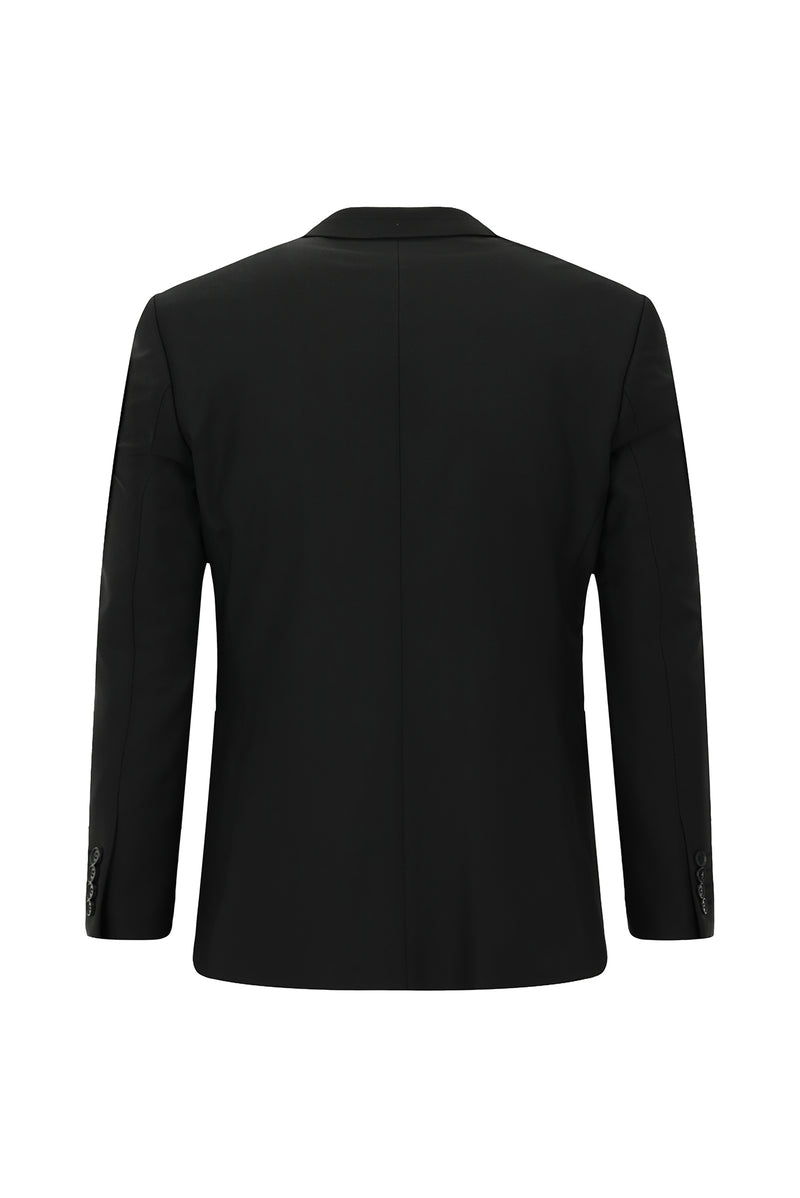 Siyah Slim Fit Dar Kesim Yünlü Klasik Takım Elbise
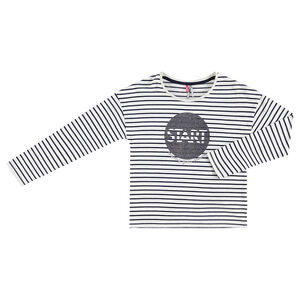 Júnior - Camiseta de punto de manga larga con rayas y estampado brillante 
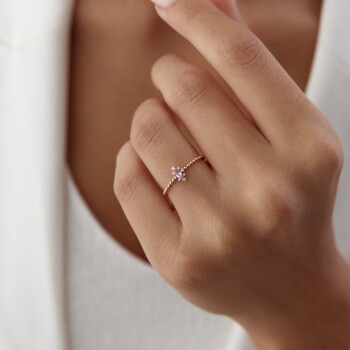 0.15 Ct Pırlanta Pembe Safir Aeden Yüzük - Siempre (1)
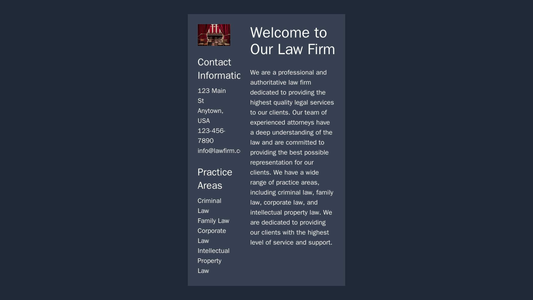 Law Firm: A professional and authoritative layout with a centered logo, a sidebar for contact information and practice a Web Template 4214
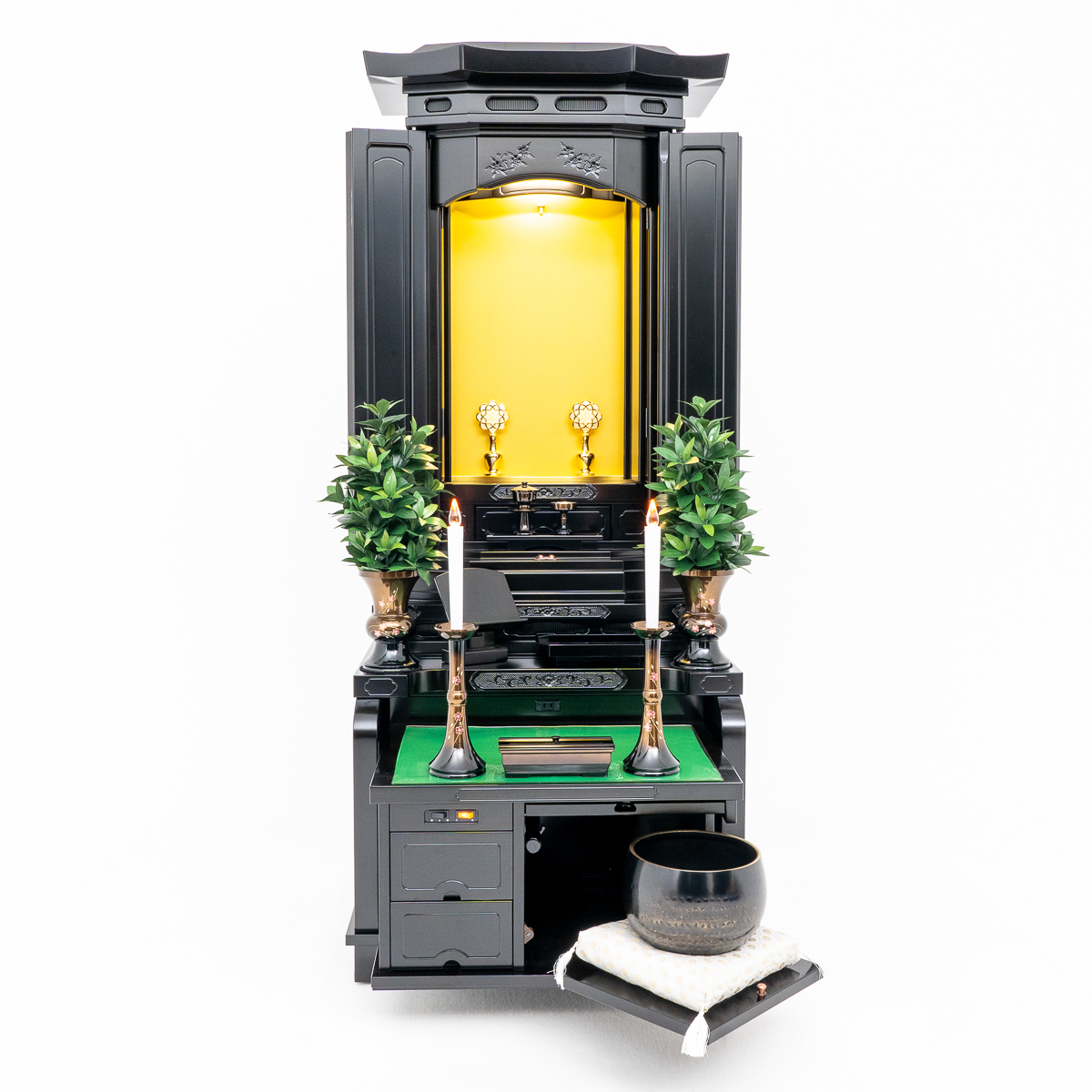 厨子型仏壇大樹｜黒檀｜徳島仏壇｜自動扉｜経机収納型｜特別特装御本尊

### [Task to carry out]
Copy the data word for word and omit every picture.

### [Output of the task]
 Siyah Slim Fit Dar Kesim Yünlü Klasik Takım Elbise
 Júnior - Camiseta de punto de manga larga con rayas y estampado brillante 
 0.15 Ct Pırlanta Pembe Safir Aeden Yüzük - Siempre (1)
 Law Firm: A professional and authoritative layout with a centered logo, a sidebar for contact information and practice a Web Template 4214
 厨子型仏壇大樹｜黒檀｜徳島仏壇｜自動扉｜経机収納型｜特別特装御本尊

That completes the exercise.